Soon after entering TAL, Sandya got to handle, among other names, Anchor and Dulux. From these she quickly moved on to other brands: banking, milk, confectionaries, fashion, and washing powder (which, sources tell us, received the highest amounts of advertising expenditures in the 80s and 90s). To dig into every one of them here is not my purpose; suffice it to say that what caught my attention the most were the public service campaigns (mis-labelled, as she admits, as “social marketing”): the measles, polio, and leprosy eradication, child abuse, and iodised salt campaigns. These were all done at nominal rates: Neela Wickramasinghe, a polio patient herself, appeared in the now famous polio ad free of charge. Sandya’s admits the idea to have Neela was at first opposed; it was so novel, unprecedented, and unheard of, though, that in the end, not only was the campaign successful, but it also went to win the Max Lewis Memorial Award at the 15th Asian Advertising Congress in Bangkok.
Sandya moves away from advertising towards the end. Having retired from Ogilvy (though not from advertising: it’s easier to think of a leopard changing her spots), she finds herself at the World Bank (where she runs into walls, tries to fight through them, and in a catharsis of despair and disillusionment, moves on), channels her passion for local cinema through Film Island and tourism through Jungle Fowl, and establishes her own Good Karma Consultancy.

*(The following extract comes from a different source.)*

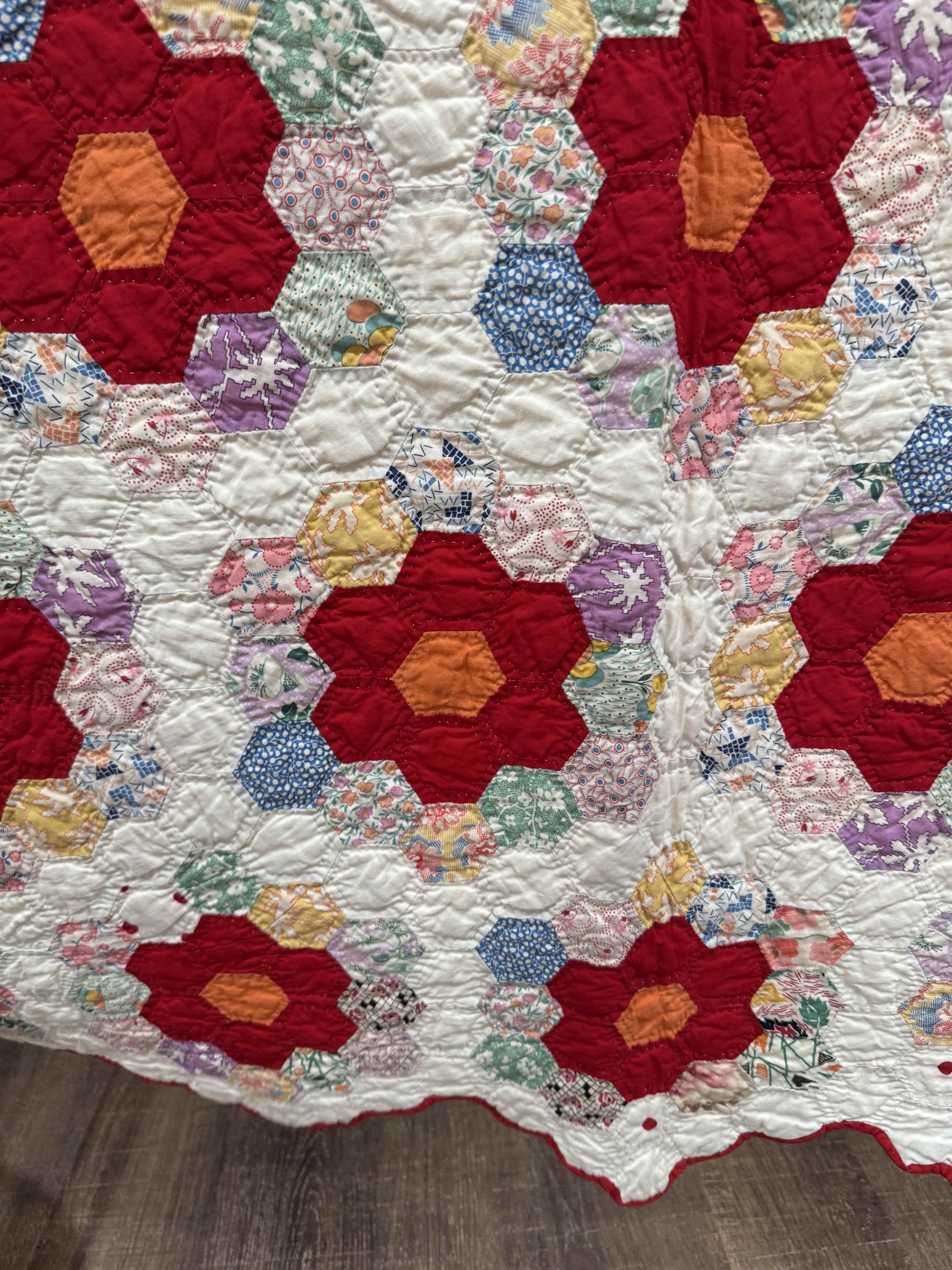 Vintage Quilt Grandmother's Flower Garden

Along the way, she does her bit for her political beliefs (which, to be frank, are not mine) by conceiving probably the most unlikely but creative campaigns for one of the few politicians she looks up to, Harsha de Silva. It’s only fitting that she ends at the “latest development” at the time of the book’s publication: the Easter attacks. Between 1983, when we witnessed the worst ever pogrom against Tamils, and 2019, when we witnessed an upsurge of hate against Christians and Muslims, Sandya thus sees much to be upset, and also hopeful, about.
Given how the economy has gone down, and is going down, it’s not really surprising that advertising has become tamer and more conservative; more fearful, in fact. This contention I am not willing to fight over or fight for, but experience bears me out. In any case, as a friend of mine put it, creativity survives and supersedes profits and economics. If Sandya’s account of her career is anything to go by, we have many a stalwart, pioneer, and giant from the field to thank for, icons she associated with: from the “father” Reggie Candappa to the still-out-there-and-very-much-active “grandson” Irvin Weerackody; it is up to us, “creatives” working in the field, to take forward and add to what they pioneered.
Sandya Salgado spent 30 years in advertising. So far, I’ve spent three. I am still a student. Through her book, she taught me well. To put that succinctly, this is a memoir of a life in the industry I was waiting to devour. That I enjoyed it thoroughly is beside the point. The point, as always for a review, is that you should buy and enjoy it too.